This invention relates to elastomeric compounds that exhibit an exceptional combination of temperature and fatigue resistance and includes, in particular, an elastomeric composition comprising mercaptan modified polychloroprene with specially selected particulate filler as well as preferably certain other ingredients, which upon cure, yields an article exhibiting advantageously both thermal dimensional stability, particularly evidenced by compression set, as well as high original and aged fatigue resistance along with other desirable properties making it admirably suited for use in preparation of automotive suspension components such as bushings.
Elastomeric componds are used in many dynamic, fatigue-producing applications, such as automotive suspension components. Conventionally cured (i.e., high sulfur) natural rubber compounds are usually employed in such applications because of their excellent fatigue properties despite their less desirable resistance to thermal and oxidative degradation. When thermal stability also becomes a component requirement, substitutes for these traditional materials may become necessary. In the case of suspension bushings, this requirement could arise as a result of increased engine compartment temperatures, or proximity to exhaust components.
Polychloroprene is an elastomer showing good potential for replacing natural rubber (NR) in high temperature dynamic applications. It is known to have better resistance to heat and oxidation than NR and has nearly the same resiliency. It might also be expected to have good fatigue properties since it crystallizes upon strain, and strain crystallization is known to improve fatique life. Moreover, it is not as expensive as other high temperature elastomers such as epichlorohydrin and polyacrylate.

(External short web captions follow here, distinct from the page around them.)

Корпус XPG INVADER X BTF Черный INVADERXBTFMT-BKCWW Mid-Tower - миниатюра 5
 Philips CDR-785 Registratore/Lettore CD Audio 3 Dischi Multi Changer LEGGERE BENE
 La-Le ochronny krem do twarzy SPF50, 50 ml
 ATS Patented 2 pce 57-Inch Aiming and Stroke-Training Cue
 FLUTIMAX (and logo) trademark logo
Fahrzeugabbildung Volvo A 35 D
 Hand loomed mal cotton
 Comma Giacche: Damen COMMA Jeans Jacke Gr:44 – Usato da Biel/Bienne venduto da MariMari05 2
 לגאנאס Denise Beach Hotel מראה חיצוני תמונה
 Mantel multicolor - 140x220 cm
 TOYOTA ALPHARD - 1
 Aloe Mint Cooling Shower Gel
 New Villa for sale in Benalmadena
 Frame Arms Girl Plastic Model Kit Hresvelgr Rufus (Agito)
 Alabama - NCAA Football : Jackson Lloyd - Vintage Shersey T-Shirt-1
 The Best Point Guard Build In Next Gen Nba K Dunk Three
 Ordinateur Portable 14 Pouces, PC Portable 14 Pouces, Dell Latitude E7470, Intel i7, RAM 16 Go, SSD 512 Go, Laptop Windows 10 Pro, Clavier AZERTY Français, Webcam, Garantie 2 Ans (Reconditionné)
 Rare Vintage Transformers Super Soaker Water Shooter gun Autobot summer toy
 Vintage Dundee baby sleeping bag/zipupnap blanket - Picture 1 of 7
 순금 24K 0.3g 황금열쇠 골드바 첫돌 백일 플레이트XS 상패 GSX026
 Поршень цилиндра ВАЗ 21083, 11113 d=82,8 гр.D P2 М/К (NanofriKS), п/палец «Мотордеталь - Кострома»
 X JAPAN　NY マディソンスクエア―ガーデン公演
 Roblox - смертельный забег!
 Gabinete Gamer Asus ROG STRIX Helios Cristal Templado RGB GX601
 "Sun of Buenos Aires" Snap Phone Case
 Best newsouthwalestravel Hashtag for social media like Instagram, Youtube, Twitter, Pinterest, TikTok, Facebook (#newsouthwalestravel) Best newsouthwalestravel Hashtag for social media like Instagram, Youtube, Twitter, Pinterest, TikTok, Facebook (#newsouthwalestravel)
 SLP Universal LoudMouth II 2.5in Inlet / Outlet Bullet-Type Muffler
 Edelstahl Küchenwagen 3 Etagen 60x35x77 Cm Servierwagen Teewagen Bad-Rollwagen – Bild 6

Compounding polychloroprene to exhibit highly desirable properties including desirable original and aged fatigue as well as thermal stability evidenced by low compression set, however, is difficult. Typically, as compression set is desirably lowered through compounding, properties generally associated with fatigue resistance as tear strength tend to erode. On the other hand, as tear strength is desirably increased through compounding, properties associated with thermal stability as compression set tend to erode. For example, mercaptan modified polychloroprene compounds typically show low compression set but, also, low tear resistance using conventional thiourea cure with carbon black. Polychloroprene rubbers which are sulfur modified exhibit under similar compounding high tear resistance but, also, undesirably high compression set. Moreover, replacement of certain cyclic thioureas with alkyl substituted thioureas for cure, while providing lowered compression set, undesirably reduces tear resistance.
Thus, it would appear that one would normally be left with but a tradeoff between such important properties as compression set and tear resistance and, consequently, the discovery that both of these properties can be brought to quite desirable levels is of notable value.
Essential ingredients of compounds of this invention are advantageously commercially available and others have suggested their use in certain contexts. For example, silicas have been suggested for improving certain heat aged properties as compared to carbon black (see "Reinforcing Silicas and Silicates", Wagner, Rubber Chemistry and Technology; Vol. 49, 703, 1976 particularly 751, 766 and 767 and "Filler Effect on The Heat Stability of Vulcanized Elastomeric Compositions", Fetterman, Rubber Chemistry and Technology vol. 46, 927, 1973). Further, use of certain carbon blacks, e.g. large particle size and high structure has been reported as desirable in certain compositions for improvement in fatigue properties (see, Dizon et al, Rubber Chemistry and Technology, 47, 231 (1974). None of these disclosures, however, have shown a means to provide high tear strength along with low compression set in polychloroprene rubber compounds so as to make them especially suitable for high temperature, dynamic applications as automotive suspension bushings.